Like humans, chimpanzees are social creatures. Very social, we recently discovered. The importance of their social bonds can be read in their stress hormones, with chimps that have their friends around experiencing less stress than when placed in a similar situation without close companions. Moreover, the presence of friendly mates can act as a stress reliever even when no threats are on the horizon.
Within their troop, chimpanzees have special friends, referred to as bond partners, who they frequently groom and share food with.
The stress levels of humans and other animals can be measured by testing concentrations of cortisol, a hormone released by the adrenal gland when things are going badly. Urinary glucocorticoids (uGC) include cortisol itself and other chemicals into which the body converts it.
Dr Roman Wittig of the Max Plank Institute for Evolutionary Anthropology measured uGCs from wild chimpanzees living in Uganda, rather than the artificial environment of a laboratory or zoo. He found uGCs rose when the chimpanzees he was tracking ran into a rival band of chimps. When Wittig's colleagues drummed on trees to replicate the sounds made by enemy chimps, the troops in the study produced similar uGC spikes to encounters with real chimps.
The presence of “bond partners” had a soothing effect, causing chimpanzees to sail through encounters with enemies relatively unscathed.
This much was anticipated, but Wittig hoped to shed light on the debate between two competing theories. The “main effects hypothesis” holds that stress levels are reduced through daily contact with bond partners, even under relaxed conditions.
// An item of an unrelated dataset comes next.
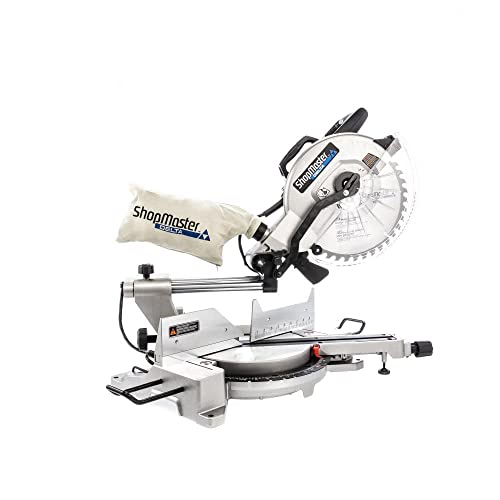 Delta Shopmaster S26-272L Sliding Compound Miter Saw, Black, Silver, 12 Inch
The “social buffering hypothesis” proposes that it's good to have those you've bonded with around during stressful times, but they don't provide the same benefit during grooming or other everyday interactions.
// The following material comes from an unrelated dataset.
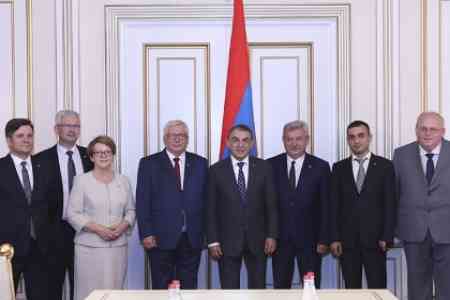 Armenian Parliament speaker and delegation of Polish Sejm delegation  discussed cooperation issues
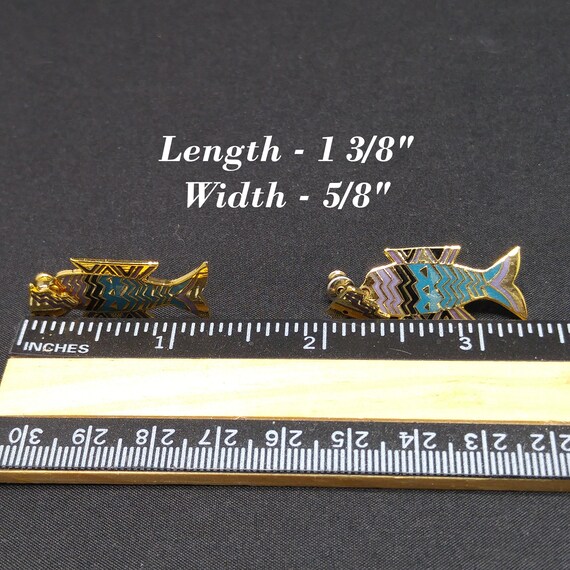 Laurel Burch "Fish Spirit" Post Dangle Earrings, … - image 8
Wittig's results, published in Nature Communications, are a clear win for advocates of the main effects hypothesis. When the chimpanzees were groomed by a regular partner, their urine subsequently showed lower uGC levels than after simply laying around resting. Being groomed by a relatively unfamiliar troop member provided no such benefits.
It didn't seem to matter whether bond partners were of the same or opposite sex, or if they were particularly closely related. The mysterious processes of friendship formation turned a bond partner into a form of anxiety control.
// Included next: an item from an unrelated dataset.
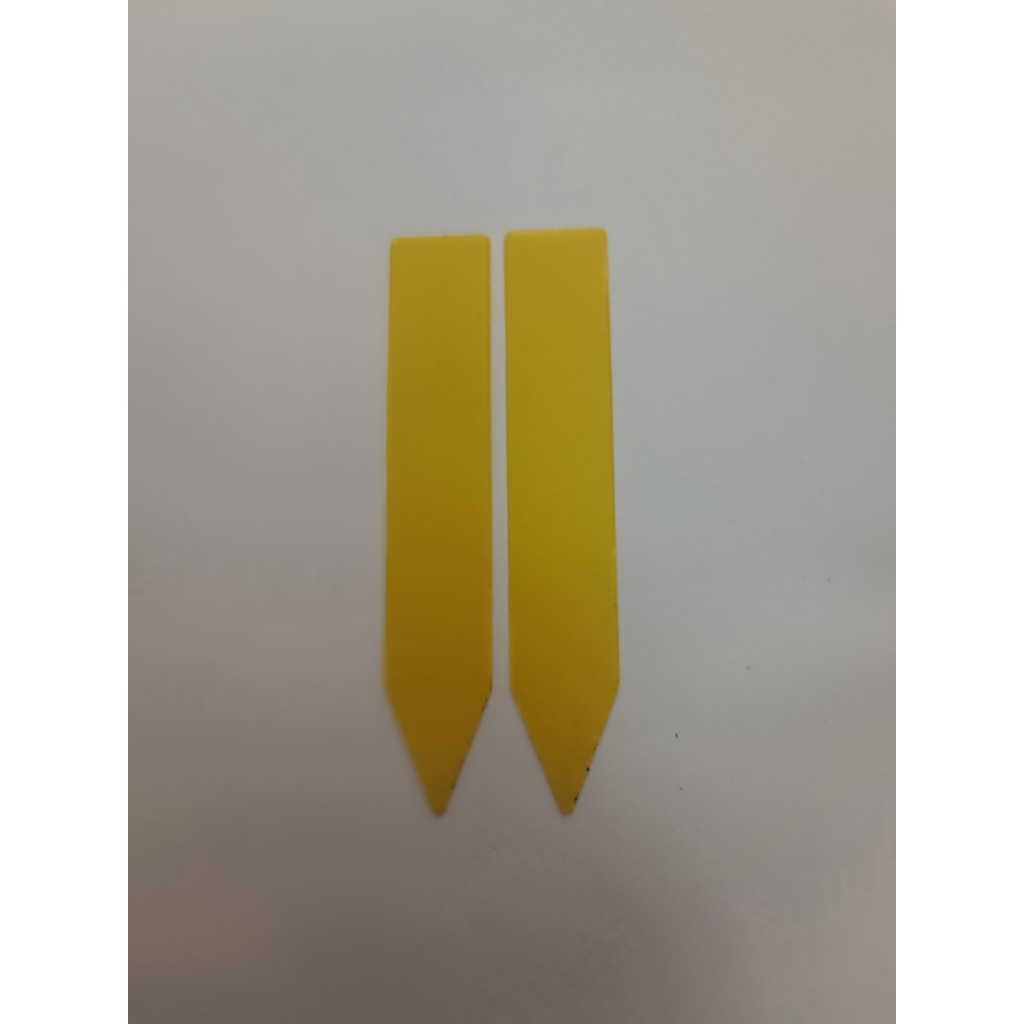 10 Bảng tên ghi chú cây trồng, thẻ que trụ cắm ghi nhớ tên cây trồng nhựa PP kích thước 10x1,8cm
By sampling frequently, and comparing results before and after stressful events, Wittig's group achieved much more fine-grained measures of stress levels than studies that relied on long-term averages. This required attaching plastic bags to forked sticks and standing beneath trees in which chimps were relieving themselves, proving once again that scientists' dedication to their work knows no bounds.
As the authors note, “stress is a major cause of poor health and mortality in humans and other social animals.” Just how applicable the research is to more complex human social dynamics remains to be seen. Nevertheless, it seems our nearest relatives get by with a little help from their friends.